What the task asks: Please keep to the lines below from the one with "Handcrafted Kingman Turquoise" through the one with "Brass pedestal‎ vase", and restate them word for word, ends included.

Dataset entries:
****************

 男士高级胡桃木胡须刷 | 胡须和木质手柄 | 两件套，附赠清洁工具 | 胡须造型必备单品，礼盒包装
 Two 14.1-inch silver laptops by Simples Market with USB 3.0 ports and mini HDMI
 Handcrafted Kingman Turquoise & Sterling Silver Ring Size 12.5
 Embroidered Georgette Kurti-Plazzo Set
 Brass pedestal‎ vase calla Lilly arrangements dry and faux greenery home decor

****************

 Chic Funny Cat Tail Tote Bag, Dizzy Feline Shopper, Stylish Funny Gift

****************

Reply:
 Handcrafted Kingman Turquoise & Sterling Silver Ring Size 12.5
 Embroidered Georgette Kurti-Plazzo Set
 Brass pedestal‎ vase calla Lilly arrangements dry and faux greenery home decor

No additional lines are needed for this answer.